Last Updated on 10 hours ago by TodayWhy Editorial
US stocks dropped sharply on July 8, 2026, and oil prices spiked after President Trump said the ceasefire with Iran was “over.” So why is the stock market down today? In short: renewed fear of a wider Middle East war, a fresh spike in oil prices, and a jump in bond yields all hit at once.
Why Is the Stock Market Down Today?
The Dow Jones Industrial Average fell as much as 800 points during Wednesday’s session, with the S&P 500 and Nasdaq also sliding, after Trump told reporters at the NATO summit in Ankara that he now considers the US-Iran ceasefire “over.” The comments came hours after Iran struck US-linked sites in Kuwait and Bahrain, in retaliation for new US airstrikes on Iran’s coast. Markets had spent weeks pricing in a fragile but holding truce; Trump’s remarks reversed that assumption within minutes.
Market Data Today
What Trump Said That Triggered the Selloff
Speaking alongside NATO Secretary General Mark Rutte, Trump said of the memorandum of understanding with Iran: “I think it’s over. I don’t want to deal with them anymore.” He later added that US forces could strike Iran again that same night. Defense Secretary Pete Hegseth said the military was ready to hit Iran “even more, even deeper” if ordered. Investors read the combination as a real risk of the war reigniting, rather than the limited tit-for-tat exchanges seen in prior weeks.
How Much Did Oil Prices Rise?
Oil was the fastest-moving market.

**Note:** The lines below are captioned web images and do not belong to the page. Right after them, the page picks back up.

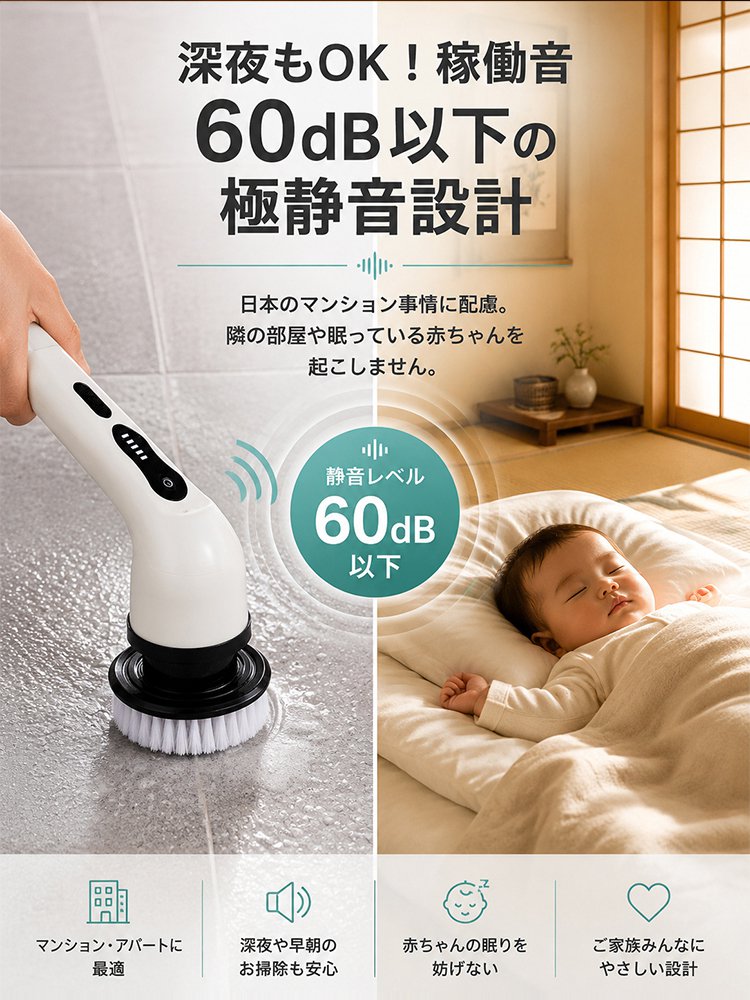 多用途コードレス電動お掃除ブラシ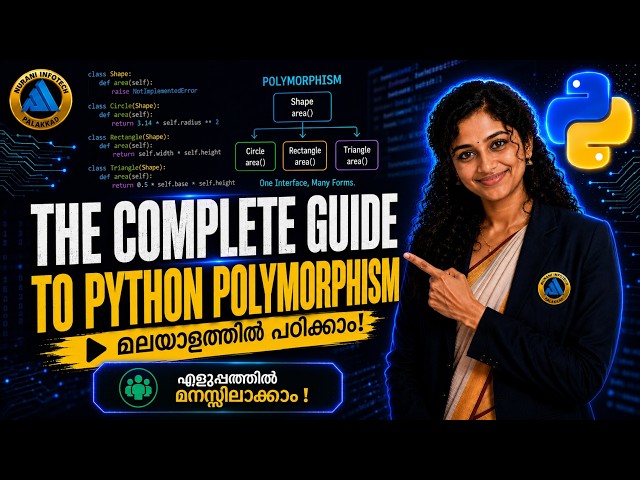 Python Programming #27: Polymorphism | Free Course in Malayalam (BTech, CBSE, BSc, MCA, MSc)
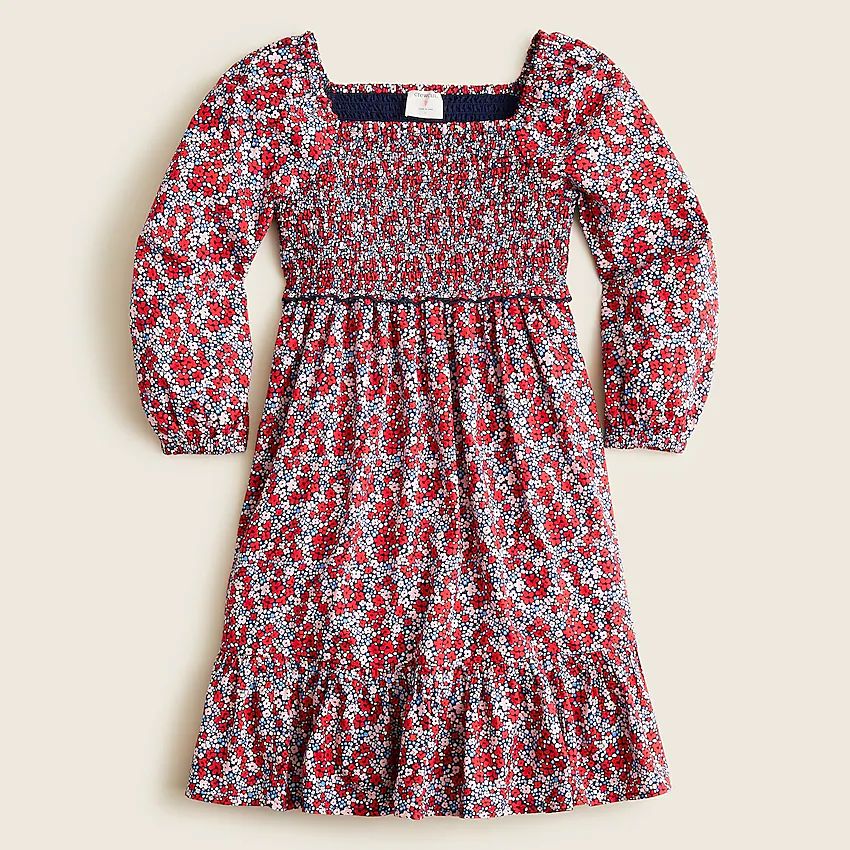 Girls' smocked dress with long sleeves in floral | J.Crew US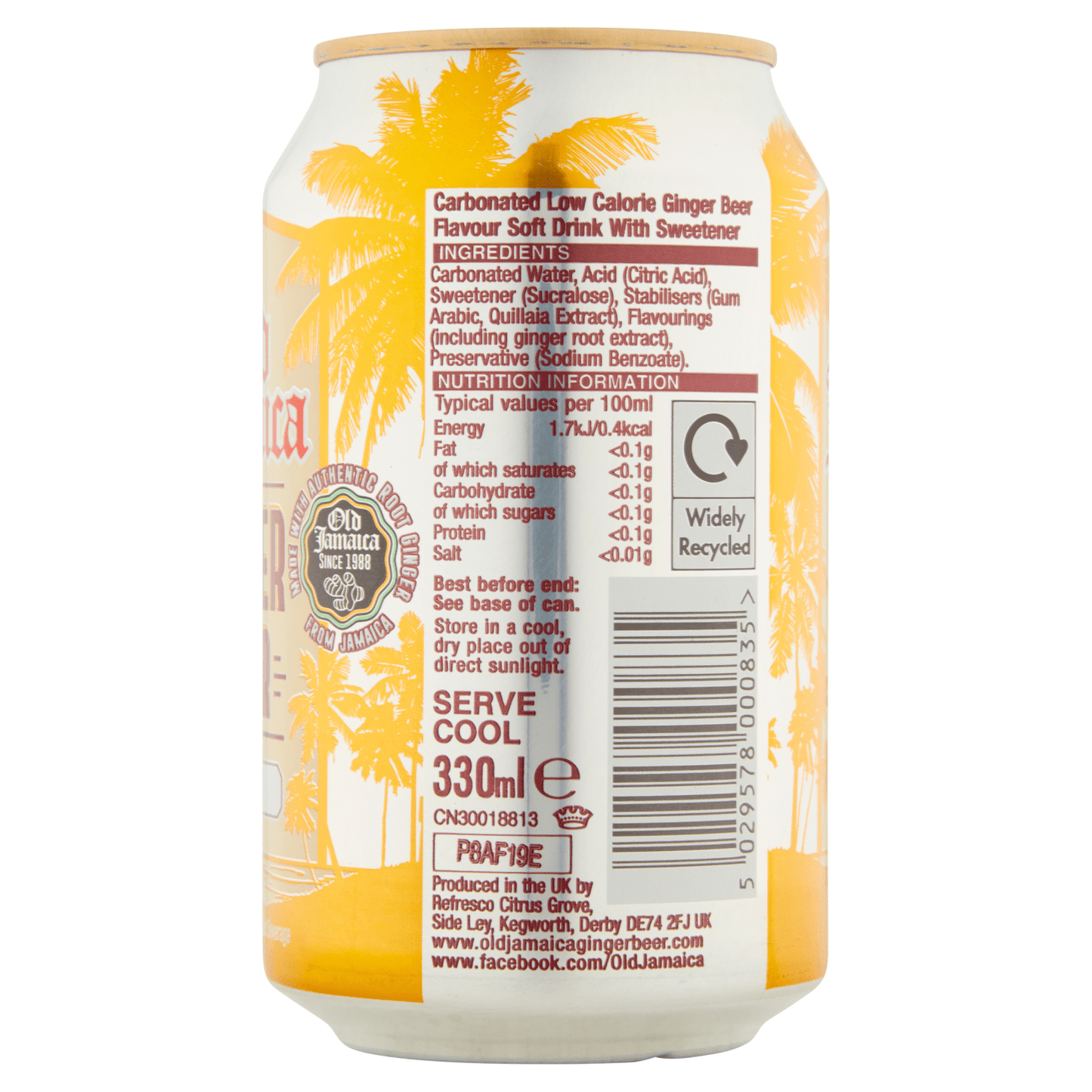 Old Jamaica Ginger Beer Light 330ml - UK Food & Drink - 5029578000835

International Brent crude jumped as much as 8%, briefly trading above $80 a barrel, while US West Texas Intermediate crude rose more than 6%. The move came right after the US Treasury revoked the license that had allowed Iran to sell oil under the memorandum, adding a supply-side shock on top of the war-risk premium. Energy stocks were the only clear winners in an otherwise red session, with the S&P 500 energy sector up more than 2%.
Why Gold Fell Even as Stocks Dropped
Unusually, gold did not rally with the bad news. Prices slipped for a fourth straight session, falling more than 20% since the Iran war began in February, as investors continued unwinding earlier “safe-haven” bets that had pushed gold to record highs. That gap between a falling stock market and falling gold is itself a signal: traders are treating this as an oil-and-inflation shock rather than the kind of broad flight-to-safety event that usually lifts gold.
What This Means for Inflation and the Economy
The International Monetary Fund cut its 2026 global growth forecast to 3%, down from 3.5%, pointing to the energy shock from the Iran war as a key drag, even as AI-related investment partly offsets it. Higher oil prices tend to feed directly into inflation, which is why government bond yields jumped Wednesday: investors are pricing in a longer period of elevated prices, not just a one-day scare.
Which Stocks Are Winning and Losing
Energy producers such as Diamondback Energy, Occidental Petroleum, and Valero Energy gained as crude prices rose. Technology names broadly fell as investors rotated out of risk; chipmakers including Micron and Sandisk were among the session’s steepest decliners. The pattern is typical of an oil-shock selloff: energy up, growth and tech stocks down, as higher input costs and higher rates weigh more heavily on companies priced for future earnings.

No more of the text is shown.